When I look at the numbers I don’t quite see the same thing. Gardner’s low swing rate on all pitches makes me wonder if he’s disciplined at all. Rather than flashing a discerning eye, he could simply be taking pitches without much regard to location. That could make for rough times in 2010, when he could see playing time as a regular. It would seem that if Gardner continues to lay off pitches indiscriminately, pitchers could easily take advantage.
What happens if pitchers start throwing Gardner more strikes? Will he start swinging at more of them, or will he continue his approach and find himself constantly down in the count? Not that we can draw conclusions based on one similarity, but this is exactly what happened to Scott Podsednik in his sophomore year, as I explained last month.
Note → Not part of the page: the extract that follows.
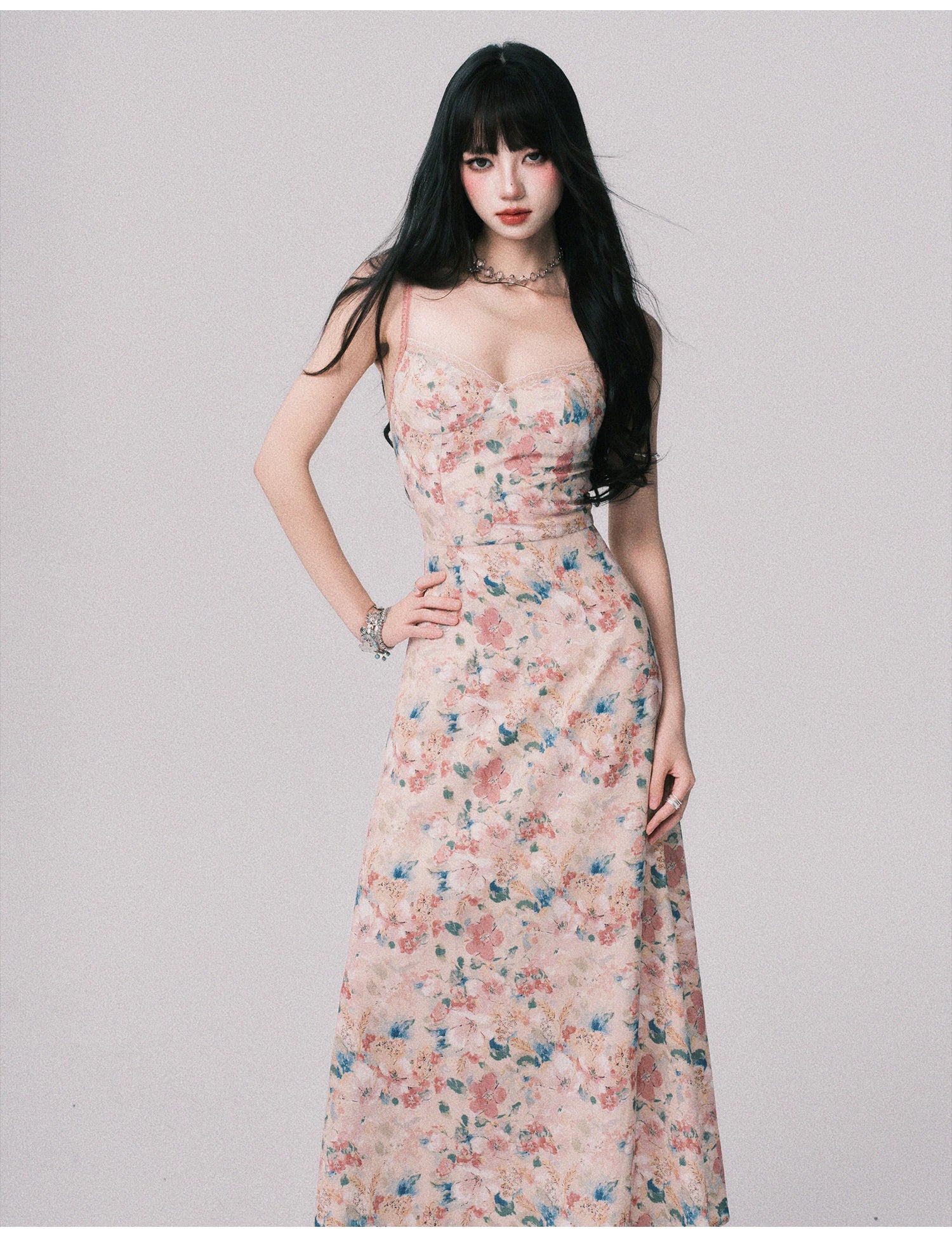 Floral French Vacation Slip Maxi Dress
It happened for Podsednik. In 2003 pitchers threw 49.8 percent of their pitches in the strike zone. In 2004 they threw him 56.2 percent in the zone. Podsednik maintained his contact rate, but predictably saw a dip in his walk percentage. He also hit far fewer line drives in 2004, dropping to 17.7 percent from 23.6 percent. That means more ground balls, which can be good, and more fly balls, detrimental for a low-power player like Podsednik. His fly ball rate rose by 3.5 percent and certainly factored in to his lower 2004 BABIP.
Gardner could help offset this potential adjustment by swinging at more pitches in the zone while continuing to lay off pitches out of the zone. If that sounds a bit simplistic, it is. The idea of a player simply laying off pitches outside the zone while swinging at pitches in the zone reminds me of an exchange in Moneyball.
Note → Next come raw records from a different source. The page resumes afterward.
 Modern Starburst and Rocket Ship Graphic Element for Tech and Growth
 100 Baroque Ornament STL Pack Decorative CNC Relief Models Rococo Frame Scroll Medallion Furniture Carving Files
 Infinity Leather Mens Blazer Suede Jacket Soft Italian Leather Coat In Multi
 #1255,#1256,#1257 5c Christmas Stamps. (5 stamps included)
“If it’s not a strike, how hard is it to lay off?” asks Feiny. He’s still staring into his own screen, watching Alex Rodriguez at bat.
“Oh, it’s hard,” says Mabry. …
“Just lay off the bad pitches, John,” says Feiny, teasingly.
“Feiny,” says Mabry testily. “You ever been in a major league batter’s box?”
Feiny doesn’t answer.
“I’m telling you,” says Mabry, turning back. He points to the screen, on which Moyer tosses another cream puff. “You see that coming at you and it looks like you can hit it three miles.”
“So just don’t swing, John,” says Feiny.
“Yeah,” says Mabryu, turning around again to glare at Feiny. “Well, the time you don’t swing is the time he throws you three strikes.”
“Feiny, have you ever faced a major league pitcher?”
“No, John,” says Feiny, wearily. “I’ve never faced a major league pitcher.”
At this point it’s impossible to predict how Gardner will react if pitchers start getting more aggressive. Will he become more aggressive in turn, swinging at more pitches both inside and out of the zone? What kind of result will that cause? Will he continue to take pitches? Won’t that cause his strikeout rate to skyrocket? So many questions, so few answers. Again, this illustrates the trouble with projecting young players. We just don’t know how the league will adjust to them, and how they’ll adjust in turn.